◆ What to produce:
Give every entry again, word for word.

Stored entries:

☆ ☆ ☆ ☆ ☆ ☆ ☆

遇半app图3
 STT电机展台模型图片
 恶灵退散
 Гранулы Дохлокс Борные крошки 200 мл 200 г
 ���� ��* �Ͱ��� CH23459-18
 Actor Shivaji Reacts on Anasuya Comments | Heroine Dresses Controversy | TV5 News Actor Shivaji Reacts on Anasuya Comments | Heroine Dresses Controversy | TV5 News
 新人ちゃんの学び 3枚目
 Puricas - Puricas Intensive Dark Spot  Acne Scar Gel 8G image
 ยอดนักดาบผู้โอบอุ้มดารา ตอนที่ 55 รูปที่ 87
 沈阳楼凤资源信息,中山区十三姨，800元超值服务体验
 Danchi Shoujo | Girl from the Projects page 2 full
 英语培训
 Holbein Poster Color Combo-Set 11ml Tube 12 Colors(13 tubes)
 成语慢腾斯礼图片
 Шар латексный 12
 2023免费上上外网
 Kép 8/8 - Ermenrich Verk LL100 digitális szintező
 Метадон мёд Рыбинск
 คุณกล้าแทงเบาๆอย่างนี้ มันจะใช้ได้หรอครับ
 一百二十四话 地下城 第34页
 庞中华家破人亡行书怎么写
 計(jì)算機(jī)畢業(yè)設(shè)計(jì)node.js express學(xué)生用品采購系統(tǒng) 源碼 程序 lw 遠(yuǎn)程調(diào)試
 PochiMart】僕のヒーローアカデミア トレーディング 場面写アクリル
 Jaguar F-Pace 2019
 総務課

☆ ☆ ☆ ☆ ☆ ☆ ☆

◆ Exercise output:
遇半app图3
 STT电机展台模型图片
 恶灵退散
 Гранулы Дохлокс Борные крошки 200 мл 200 г
 ���� ��* �Ͱ��� CH23459-18
 Actor Shivaji Reacts on Anasuya Comments | Heroine Dresses Controversy | TV5 News Actor Shivaji Reacts on Anasuya Comments | Heroine Dresses Controversy | TV5 News
 新人ちゃんの学び 3枚目
 Puricas - Puricas Intensive Dark Spot  Acne Scar Gel 8G image
 ยอดนักดาบผู้โอบอุ้มดารา ตอนที่ 55 รูปที่ 87
 沈阳楼凤资源信息,中山区十三姨，800元超值服务体验
 Danchi Shoujo | Girl from the Projects page 2 full
 英语培训
 Holbein Poster Color Combo-Set 11ml Tube 12 Colors(13 tubes)
 成语慢腾斯礼图片
 Шар латексный 12
 2023免费上上外网
 Kép 8/8 - Ermenrich Verk LL100 digitális szintező
 Метадон мёд Рыбинск
 คุณกล้าแทงเบาๆอย่างนี้ มันจะใช้ได้หรอครับ
 一百二十四话 地下城 第34页
 庞中华家破人亡行书怎么写
 計(jì)算機(jī)畢業(yè)設(shè)計(jì)node.js express學(xué)生用品采購系統(tǒng) 源碼 程序 lw 遠(yuǎn)程調(diào)試
 PochiMart】僕のヒーローアカデミア トレーディング 場面写アクリル
 Jaguar F-Pace 2019
 総務課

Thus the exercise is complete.